Sherlock crinkles his nose delicately. “They offend me more than I can describe.” 

John is also a different man. His health has much improved: he sleeps soundly these days, his legs are strong and his hands are still and calm. Sherlock thought, in their first days back together, that John had completely recovered from his post-military trauma and his post-Mary trauma, until the day he came upon John ironing his shirts. 

Instead of ironing the garment to drape on a hanger, John ironed everything into neat folded squares, squares that could be packed in a suitcase. 

Sherlock waited until John was at work and checked. Sure enough, John had never unpacked his clothes, nor indeed any of his belongings. Everything was neat in duffel bags, ready to be whisked away at a moment’s notice. 

John’s friendly, if somewhat detached bravado disintegrated rapidly when Sherlock made some gentle inquiries. 

“Because if I need to get away quickly I can. It just makes me feel better, okay? And I know it is utterly pointless for me to say this at all but for pity’s sake - stay out of my fucking room.” 

“Very well,” Sherlock answered. 

“Thank you. Right. Any chance of that soda bread for dinner?” 

“There’s an excellent chance. Did you have any good patients today?” 

It’s an old favourite: Sherlock loves to hear the symptoms and deduce the circumstances of the illness John treats. John loves to correct or concur. It is something from the old days, one of the things they had before everything flew off the roof of St Barts. 

Sherlock pounds a sticky dough while John tells him about a swollen trachea, a perfectly split heel, two broken fingers that were an astonishing shade of teal and a new baby with an inflamed belly button.

It is possible they would have lived like this forever - Sherlock trying to nest, John ever-ready to take flight – if they had not stumbled on a way forward. 

***

They had been back together at Baker Street for five weeks when the next big case came in. Sherlock was beside himself. John was at work, but no matter, Sherlock decided while he simultaneously processed seven other thoughts. John can meet me at Bart’s this afternoon. 
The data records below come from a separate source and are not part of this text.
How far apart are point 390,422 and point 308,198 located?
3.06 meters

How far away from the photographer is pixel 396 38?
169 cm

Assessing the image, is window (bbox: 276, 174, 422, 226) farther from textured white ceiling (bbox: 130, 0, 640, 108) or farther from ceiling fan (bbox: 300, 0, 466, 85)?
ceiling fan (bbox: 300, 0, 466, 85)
It was a great case. There were blood clots to examine, hair strands to stretch, wounds to probe and catalogue, blades to measure and a mouthful of broken teeth that he might be able to persuade Molly to extract for him.  
“One,” said Molly sternly. “You can have one.” 

Sherlock would have argued more vehemently had he not wanted to see the lungs, bladder and take a small sample of the spleen too. 
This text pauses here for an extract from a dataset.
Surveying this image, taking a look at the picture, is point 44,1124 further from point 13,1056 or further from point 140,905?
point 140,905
He chose a molar that, to his great delight, cracked in two when it was prised from the cold gum tissue. 

It was late in the afternoon when he remembered that John wasn’t with him. John loved cracked teeth, or least Sherlock thought he did. He should be here to see this one. 

_Are you coming?_

Sherlock texted him. 

John texted back some lie about being caught up at the clinic. He would see Sherlock at home. 
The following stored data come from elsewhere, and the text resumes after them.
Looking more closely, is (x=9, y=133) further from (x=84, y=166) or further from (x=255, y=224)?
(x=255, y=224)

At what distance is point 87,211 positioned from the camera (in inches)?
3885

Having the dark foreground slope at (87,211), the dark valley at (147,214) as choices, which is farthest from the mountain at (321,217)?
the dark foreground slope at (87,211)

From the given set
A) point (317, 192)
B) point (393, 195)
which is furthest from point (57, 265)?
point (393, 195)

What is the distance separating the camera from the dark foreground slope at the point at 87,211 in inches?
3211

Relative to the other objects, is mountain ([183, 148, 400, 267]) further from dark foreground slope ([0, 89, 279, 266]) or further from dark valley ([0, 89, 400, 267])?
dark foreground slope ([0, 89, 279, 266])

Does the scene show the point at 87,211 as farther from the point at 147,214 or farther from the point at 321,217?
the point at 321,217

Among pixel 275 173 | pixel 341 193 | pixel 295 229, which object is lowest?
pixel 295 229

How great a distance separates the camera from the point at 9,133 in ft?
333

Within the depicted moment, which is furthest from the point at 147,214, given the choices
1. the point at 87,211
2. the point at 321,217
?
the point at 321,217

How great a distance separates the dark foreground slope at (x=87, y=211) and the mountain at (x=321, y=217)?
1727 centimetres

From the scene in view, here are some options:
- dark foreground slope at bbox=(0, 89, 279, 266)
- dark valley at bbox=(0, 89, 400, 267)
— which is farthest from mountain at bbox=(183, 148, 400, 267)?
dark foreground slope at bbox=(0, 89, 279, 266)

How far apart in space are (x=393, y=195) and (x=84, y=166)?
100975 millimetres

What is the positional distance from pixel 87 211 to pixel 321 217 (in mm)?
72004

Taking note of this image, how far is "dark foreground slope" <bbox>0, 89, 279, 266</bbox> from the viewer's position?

It was irritating but not critical. When Sherlock got home at 2am he had solved the case and felt only slight annoyance that John hadn’t been there to see that. 

When it happened the second time, Sherlock was genuinely annoyed. He had two mummified corpses with perfect teeth and the remnants of some excellent stab wounds. There was still talc-like residue in the veins, a bleached red powder reminiscent of desert sand. 

_You will love this one_

Sherlock texted his best friend, only to get a response in which John claimed to be tired and have an early morning tomorrow and sorry, you’ll have to solve it by yourself. 

Sherlock solved it in four hours and deliberately stamped around the flat when he got home so that John would still be tired tomorrow. 

“Why won’t you come on cases with me?” Sherlock asked him after he had solved the third one alone. 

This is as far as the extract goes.